RECORDS →
━━━━━━━━━━━━━━━━━━━━━━━━━━━━━━

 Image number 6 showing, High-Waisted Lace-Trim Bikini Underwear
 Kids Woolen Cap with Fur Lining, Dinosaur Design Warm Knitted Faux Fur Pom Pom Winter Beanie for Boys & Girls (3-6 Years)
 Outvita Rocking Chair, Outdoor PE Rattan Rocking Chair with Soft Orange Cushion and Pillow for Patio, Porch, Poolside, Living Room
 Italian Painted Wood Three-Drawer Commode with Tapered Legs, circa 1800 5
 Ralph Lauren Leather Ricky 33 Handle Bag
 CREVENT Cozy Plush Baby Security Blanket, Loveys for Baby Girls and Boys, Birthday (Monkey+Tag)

━━━━━━━━━━━━━━━━━━━━━━━━━━━━━━

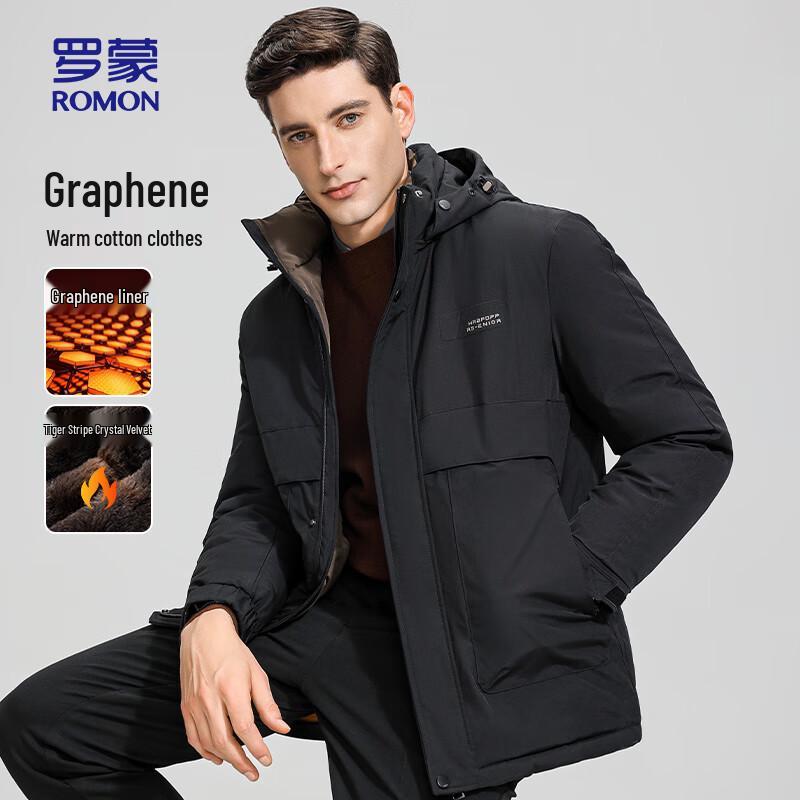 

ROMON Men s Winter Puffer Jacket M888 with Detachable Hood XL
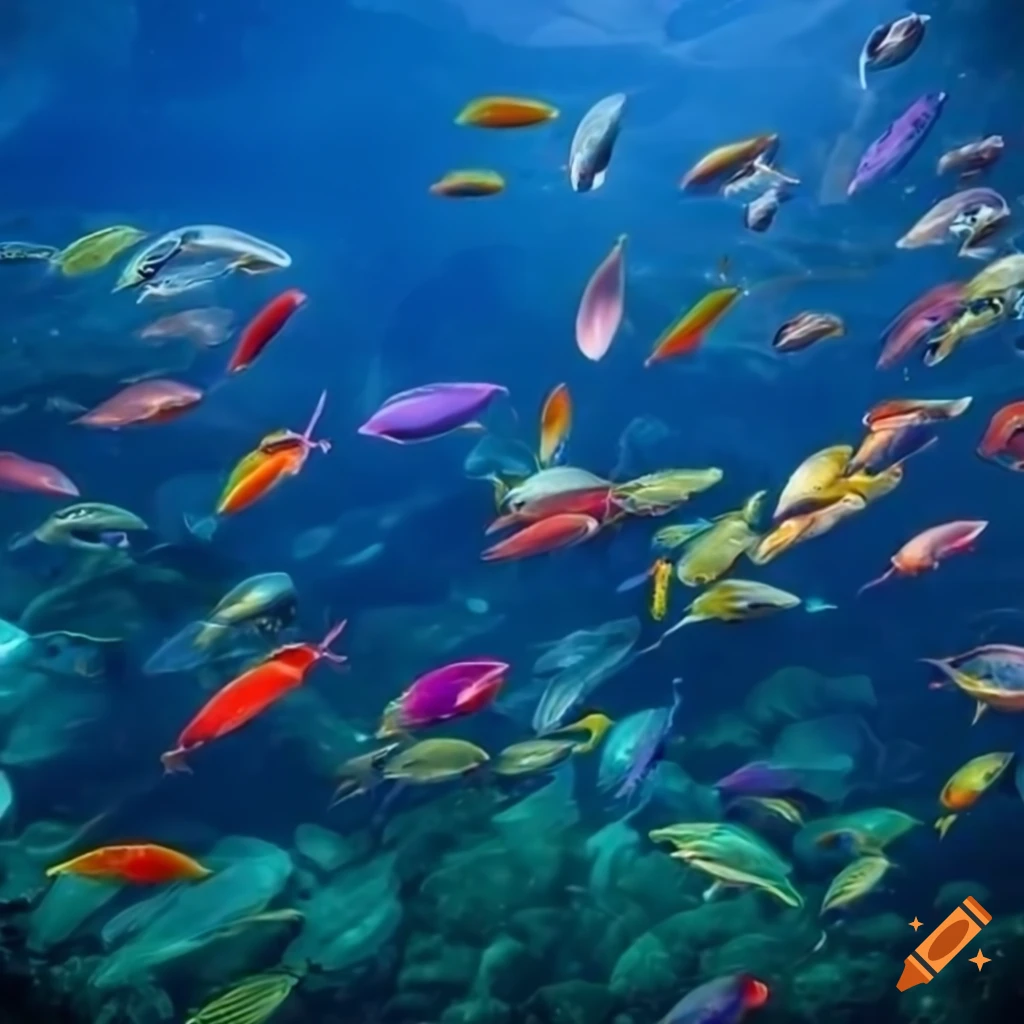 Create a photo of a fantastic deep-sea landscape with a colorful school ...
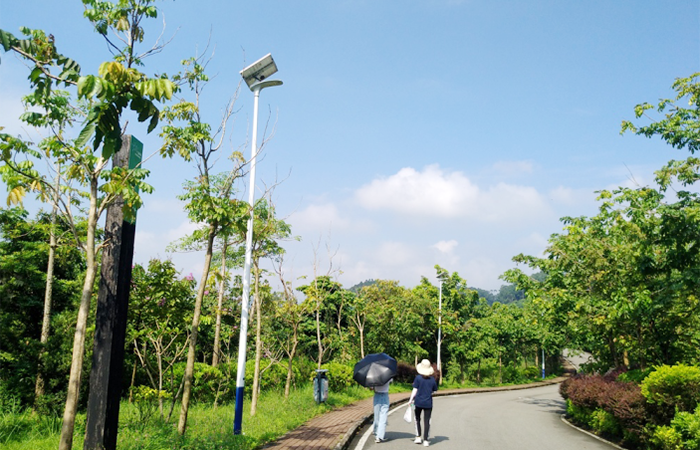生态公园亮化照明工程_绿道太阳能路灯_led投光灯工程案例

━━━━━━━━━━━━━━━━━━━━━━━━━━━━━━

WHAT IS EXPECTED → Working from the records above, write out verbatim only the lines from the line containing "Image number 6" through the line containing "CREVENT Cozy Plush".

EXERCISE ANSWER →
 Image number 6 showing, High-Waisted Lace-Trim Bikini Underwear
 Kids Woolen Cap with Fur Lining, Dinosaur Design Warm Knitted Faux Fur Pom Pom Winter Beanie for Boys & Girls (3-6 Years)
 Outvita Rocking Chair, Outdoor PE Rattan Rocking Chair with Soft Orange Cushion and Pillow for Patio, Porch, Poolside, Living Room
 Italian Painted Wood Three-Drawer Commode with Tapered Legs, circa 1800 5
 Ralph Lauren Leather Ricky 33 Handle Bag
 CREVENT Cozy Plush Baby Security Blanket, Loveys for Baby Girls and Boys, Birthday (Monkey+Tag)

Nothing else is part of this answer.